February 28, 2019 · 0 Comments
By Gwynne Dyer
Lengthy delays before announcing the results of African elections are commonplace (the Democratic Republic of Congo last month, Zimbabwe last July, etc.). It just means that people voted the wrong way, and the government needs time to rig the results before publishing them. Postponing the vote at the last moment is much less common, and not so easy to explain.
That’s what happened in Nigeria last Saturday. Only five hours before the polls were due to open, the Independent National Election Commission postponed the election for a week, citing as reasons attempted sabotage, bad weather and problems with delivering the ballot papers. It’s weird, but it’s hard to see who benefits from it. It may be down to simple incompetence.
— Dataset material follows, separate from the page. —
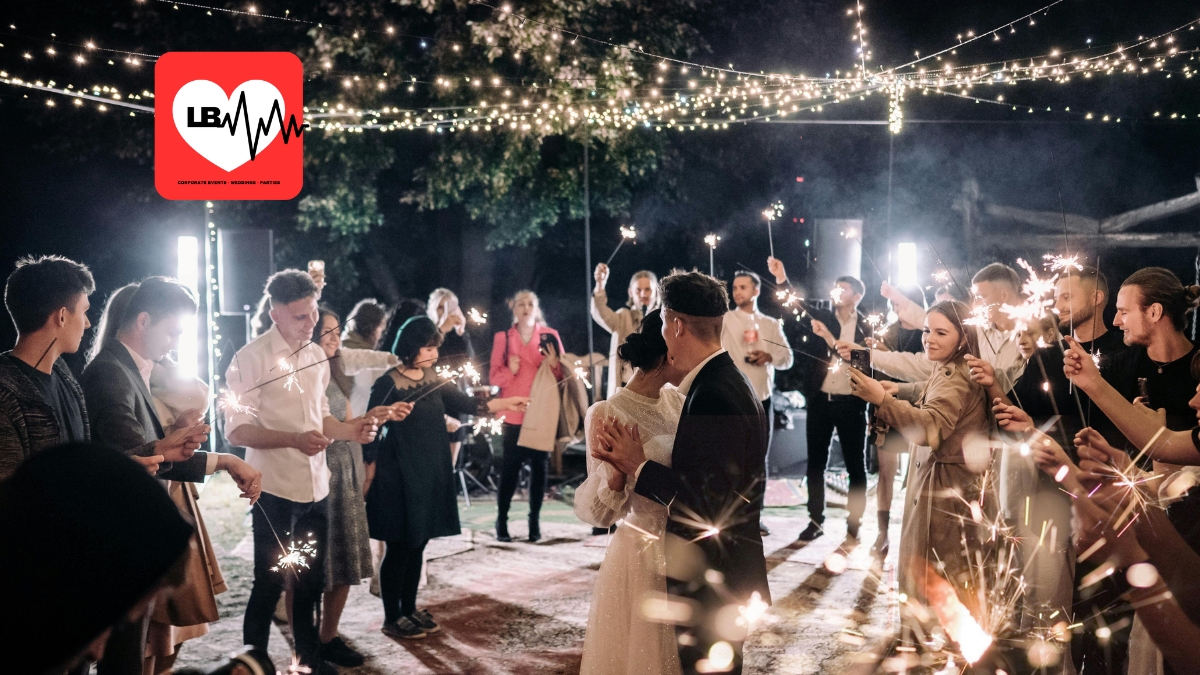 Bride and groom dancing during live wedding band performance in Tuscany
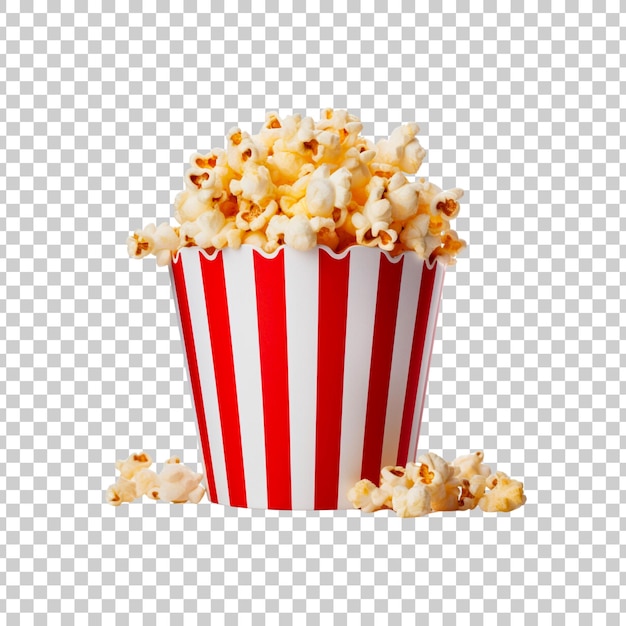 Free PSD tasty caramel glazed popcorn in a box on a transparent background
There are 79 candidates for the presidency, but only two count. The incumbent, former general Muhammadu Buhari, is running again despite a less than stellar performance in his first term as an elected president. (He also held the office as a military dictator for twenty months in the 1980s, before being overthrown by another general.)
Buhari won power in 2015 by claiming to be a born-again democrat and a ‘new broom’ who would sweep away corruption, and many Nigerians dared to believe him. He was the first opposition candidate ever to win a free presidential election. But four years later Nigeria has fallen another 12 places on Transparency International’s corruption index: it now ranks 144th out of 180 countries, just ahead of Mauretania.
Buhari is personally clean, but his anti-corruption measures almost exclusively targeted politicians of other parties. Nigerian average incomes fell by more than a third and unemployment doubled on his watch (mostly because of the collapse in oil prices). He didn’t deliver on his promise to eliminate the Islamists extremists of Boko Haram, affiliated with ISIS, who have terrorised the north-east of the country.
Buhari should lose, and he probably will, because three ex-generals (all former presidents) who once backed him have switched to his challenger, businessman Atiku Abubakar. ‘Atiku’ is a billionaire who started out as a humble customs officer. People speculate that this made him very useful to generals and other powerful people who wanted to parlay a small fortune into a big one.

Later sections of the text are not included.